WHAT IS BEING ASKED: Output each line of the listing exactly, though pictures are not to appear.

INPUT RECORDS:

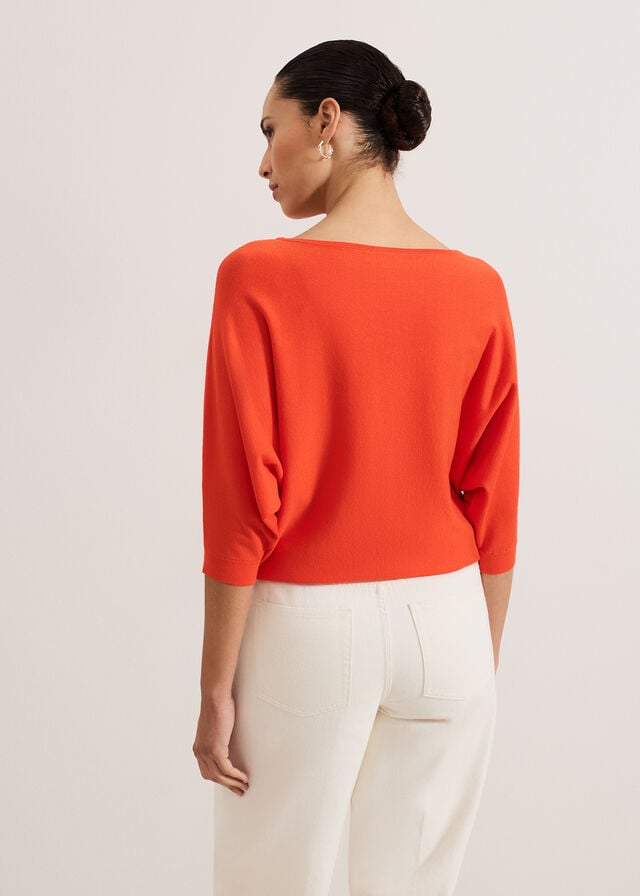 Coral Phase Eight Cristine Knitwear | 4923DJQFP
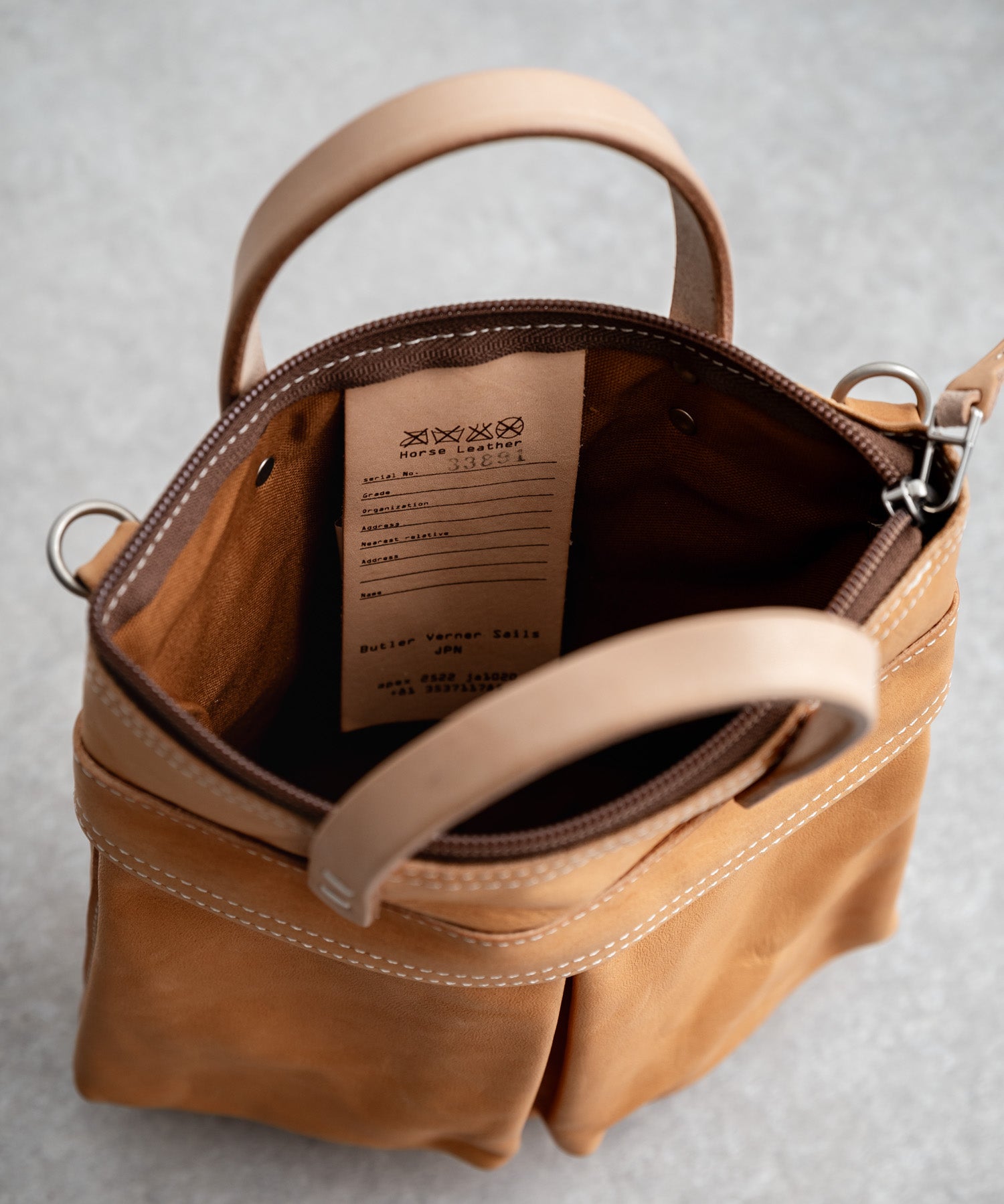 Butler Verner Sails バトラーバーナーセイルズ 日本製 国産ホースレザーミニヘルメットバッグ JA-2928 14269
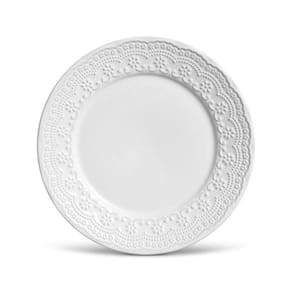 Conjunto 6 Pratos Rasos Madeleine Branco 26cm Porto Brasil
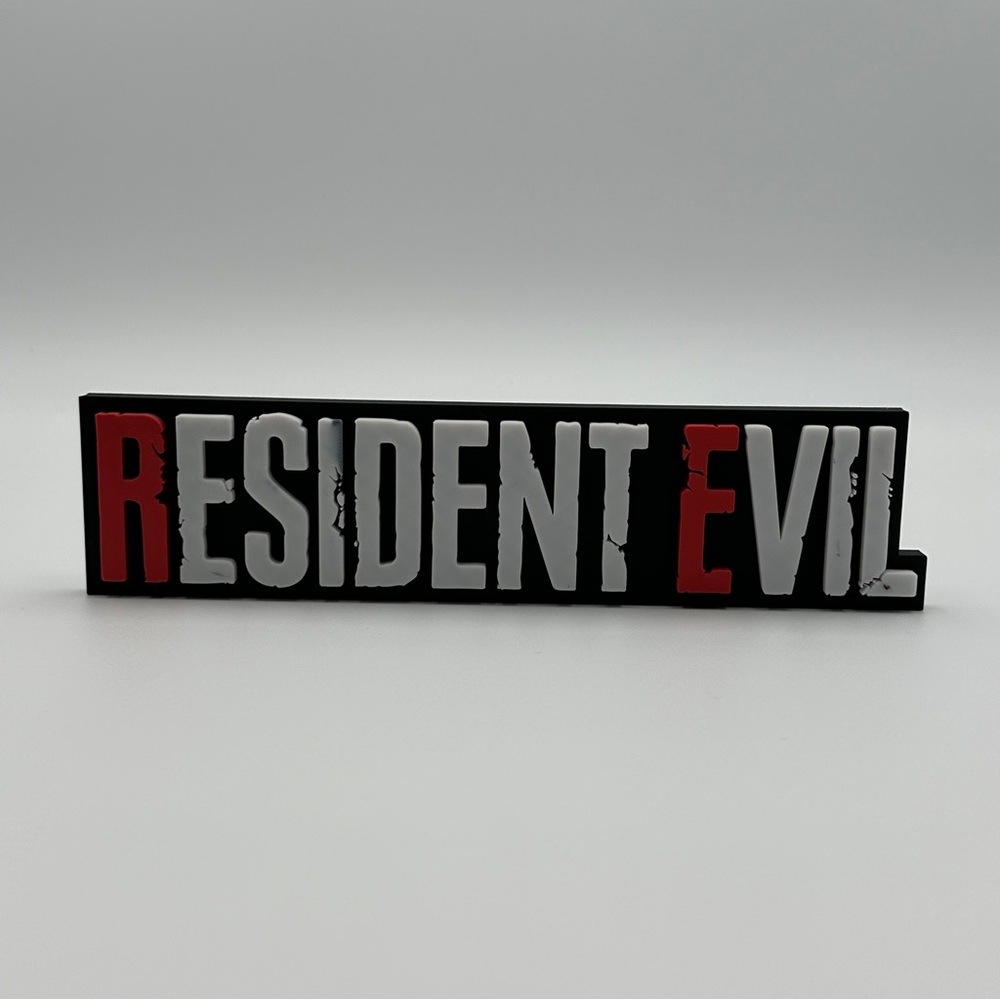 Resident Evil Black and Red Sign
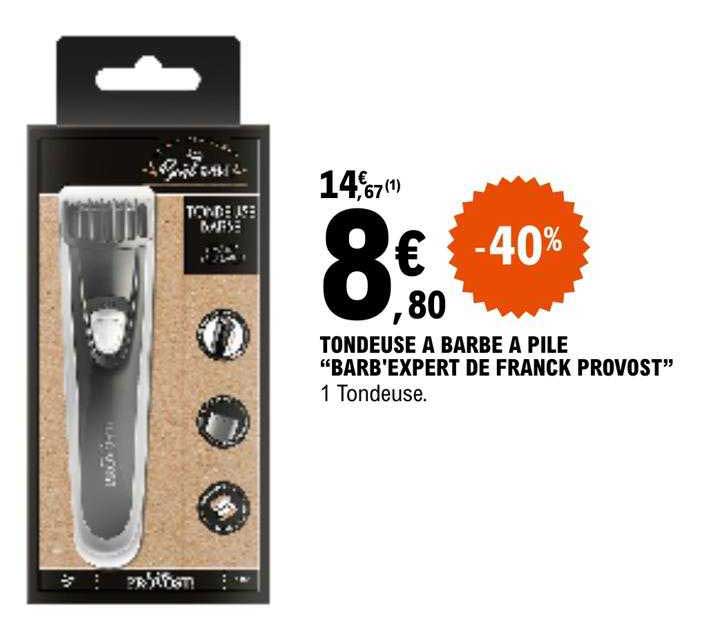 Tondeuse à Barbe à Pile "barb'expert De Franck Provost"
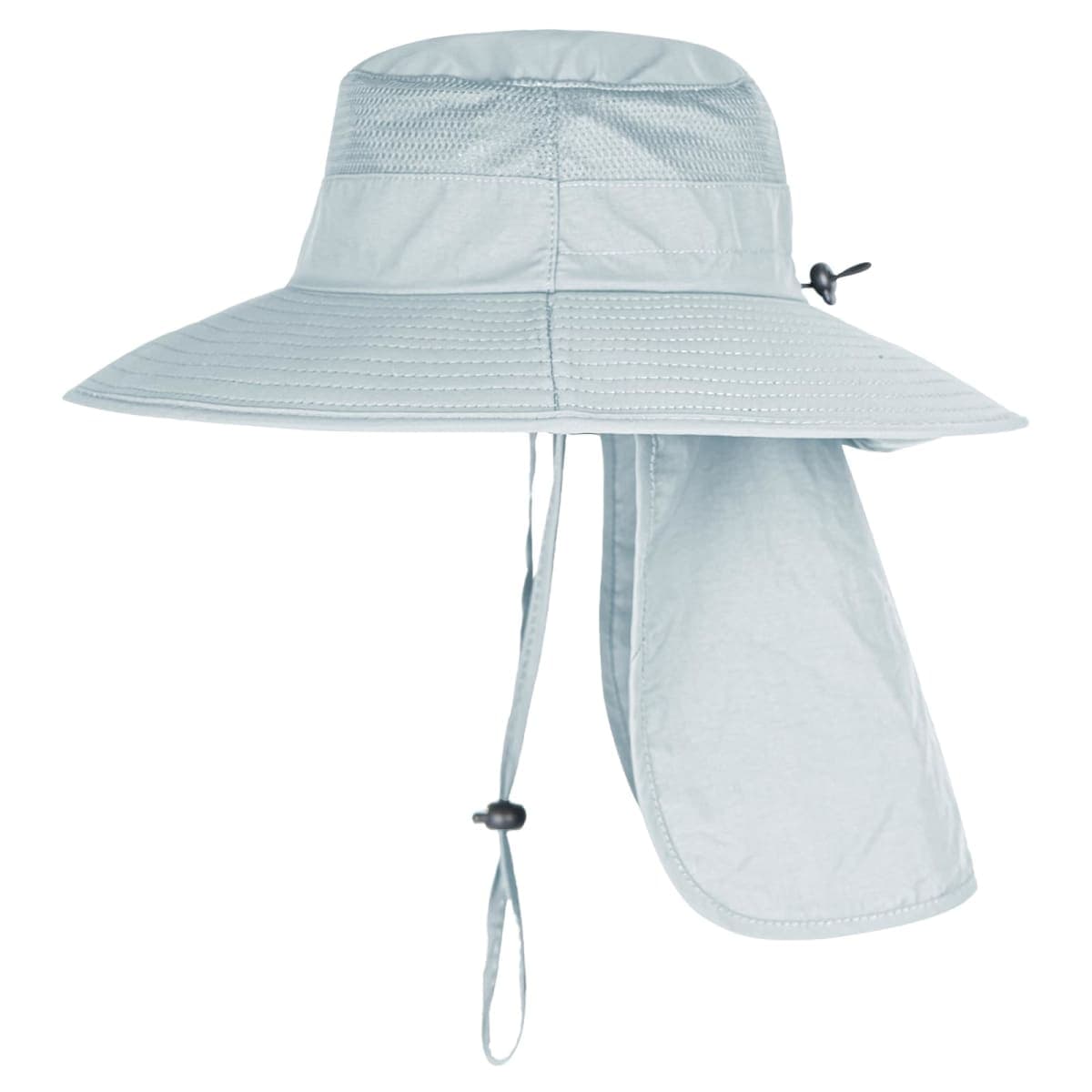 ZOORON Sun Hats for Men Women Fishing Hat UPF 50+ Breathable Wide Brim Bucket Hats Summer UV Protection Safari Hat with Neck Flap Light Grey thumbnail 3
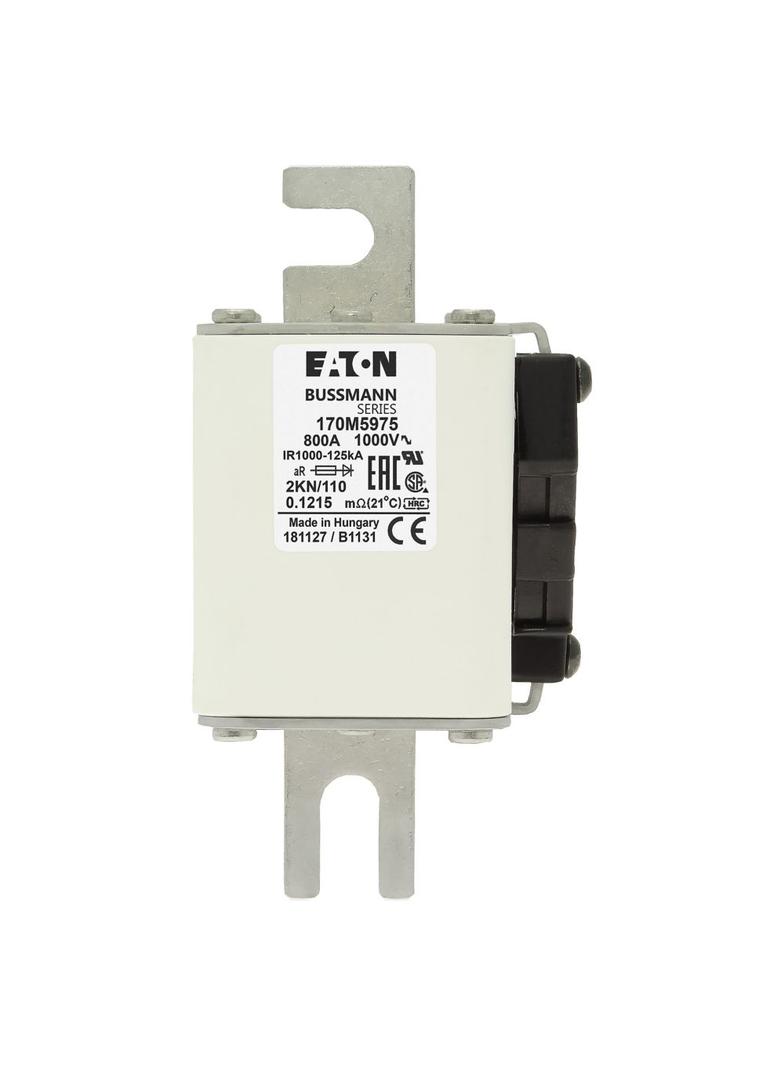 800A 1000V 2KN/110 aR INDICATOR FUSE Wkładka szybka 800A AC 1000V DIN 2 59x77x138 mm aR, 170M5975 EA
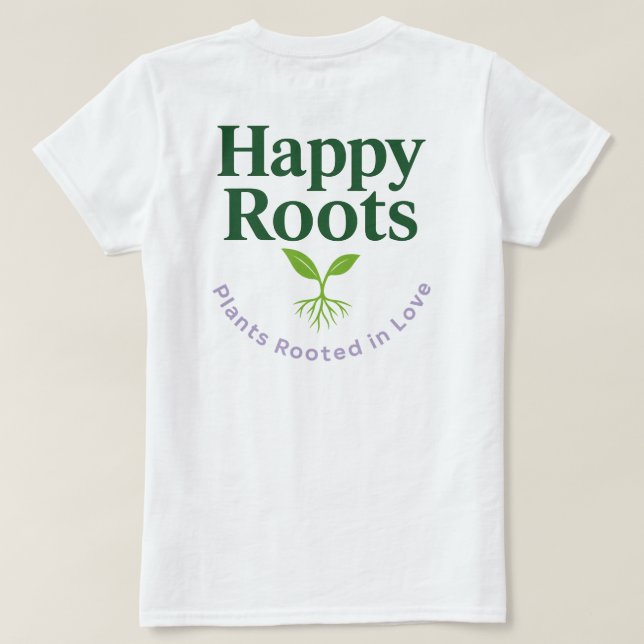 Camiseta Logo (Impressão Traseira) | Happy Roots (Verso do Design)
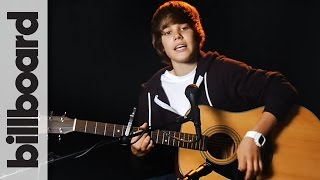 Justin Bieber One Time Full Acoustic Performance  Billboard Live Studio Session [upl. by Dusty660]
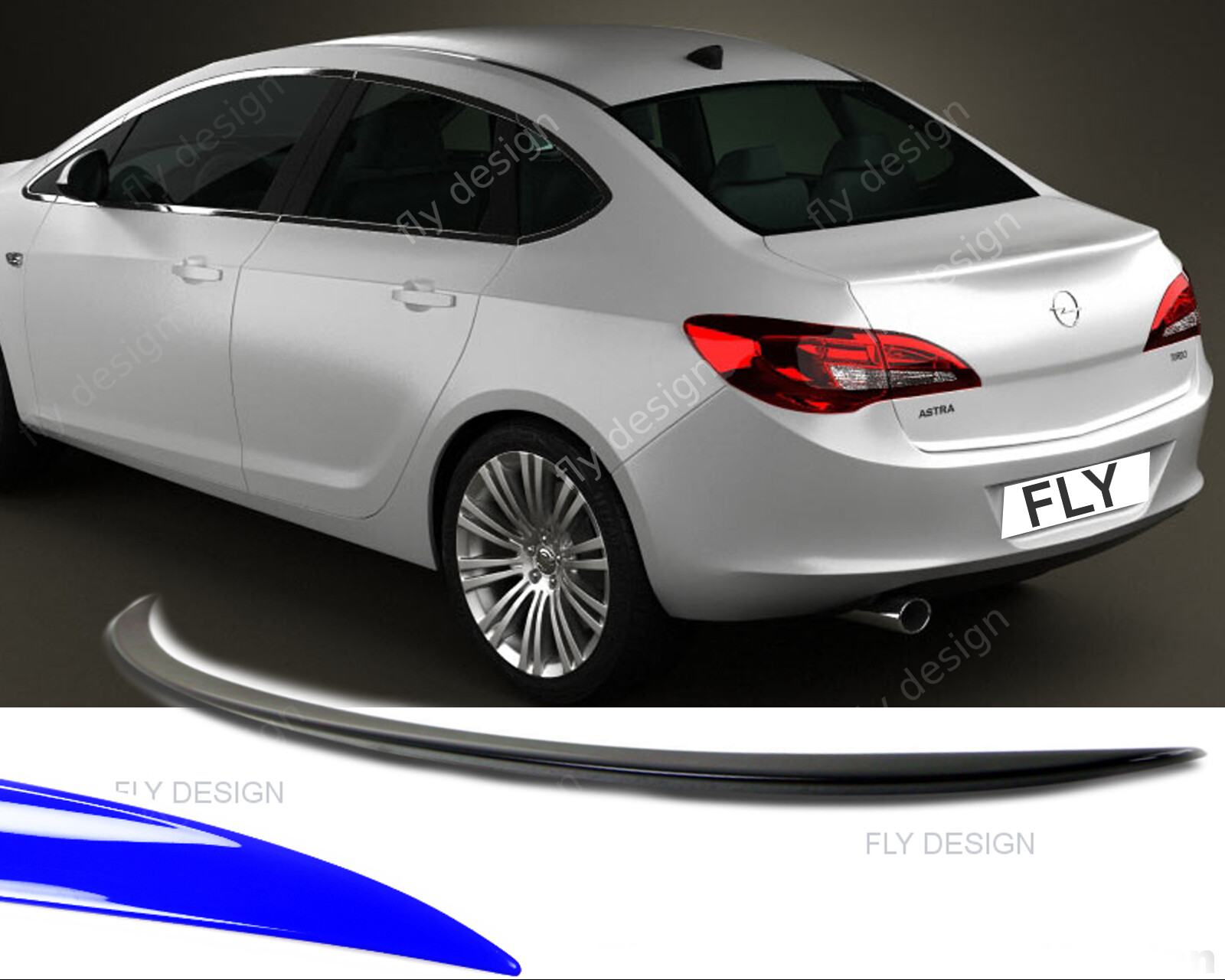 Suitable for Opel Astra tuning from 2009 rear spoiler lip new rear lip wing Apro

TASK RESPONSE:
 Coral Phase Eight Cristine Knitwear | 4923DJQFP
 Butler Verner Sails バトラーバーナーセイルズ 日本製 国産ホースレザーミニヘルメットバッグ JA-2928 14269
 Conjunto 6 Pratos Rasos Madeleine Branco 26cm Porto Brasil
 Resident Evil Black and Red Sign
 Tondeuse à Barbe à Pile "barb'expert De Franck Provost"
 ZOORON Sun Hats for Men Women Fishing Hat UPF 50+ Breathable Wide Brim Bucket Hats Summer UV Protection Safari Hat with Neck Flap Light Grey thumbnail 3
 800A 1000V 2KN/110 aR INDICATOR FUSE Wkładka szybka 800A AC 1000V DIN 2 59x77x138 mm aR, 170M5975 EA
 Camiseta Logo (Impressão Traseira) | Happy Roots (Verso do Design)
 Justin Bieber One Time Full Acoustic Performance  Billboard Live Studio Session [upl. by Dusty660]
 Suitable for Opel Astra tuning from 2009 rear spoiler lip new rear lip wing Apro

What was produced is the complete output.